Öznur Oğraş Çolak

Tiyatro Pera ‘Vanya, Sonya, Maşa ve Spike’ adlı oyunla perdelerini açacak.

Yeni mevsimde perde açmaya hazırlanan Tiyatro Pera, bu yıl ilk kez çağdaş Amerikan tiyatrosundan bir oyun sahneliyor. Türkiye’de ilk kez sahnelenen Christopher Durang’in yazdığı Nesrin Kazankaya’nın çevirdiği “Vanya, Sonya, Maşa ve Spike”adlı oyun Yücel Erten rejisiyle 20. İstanbul Tiyatro Festivali’nde prömiyer yaptı. Tiyatro Pera, 22 Ekim’de ‘Vanya, Sonya, Maşa ve Spike’ ile yeni sezona merhaba diyecek.
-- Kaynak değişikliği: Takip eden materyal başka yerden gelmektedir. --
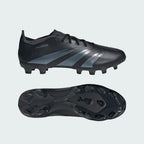 Chaussures de football Predator 24 League Multisurfaces - noir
Önceki sezonlardan Nesrin Kazankaya’nın yazdığı “Ben Senim”, “Annem Oğlum ve Ben”, “Ah Smyrna’m Güzel İzmir’im”, “Kazaen (Beyoğlu’nda Çarpışmalar)” ve W. Shakespeare’in “Venedik Taciri” adlı oyunlar da repertuvarda yer alacak. Okuma tiyatrosu ve disiplinlerarası sahne gösterileri, sanat etkinlikleri kapsamında bu sezon da izleyicilerle buluşacak. Sıra dışı oyunlarıyla tanıdığımız Tiyatro Pera deyim yerindeyse üretken bir kurum.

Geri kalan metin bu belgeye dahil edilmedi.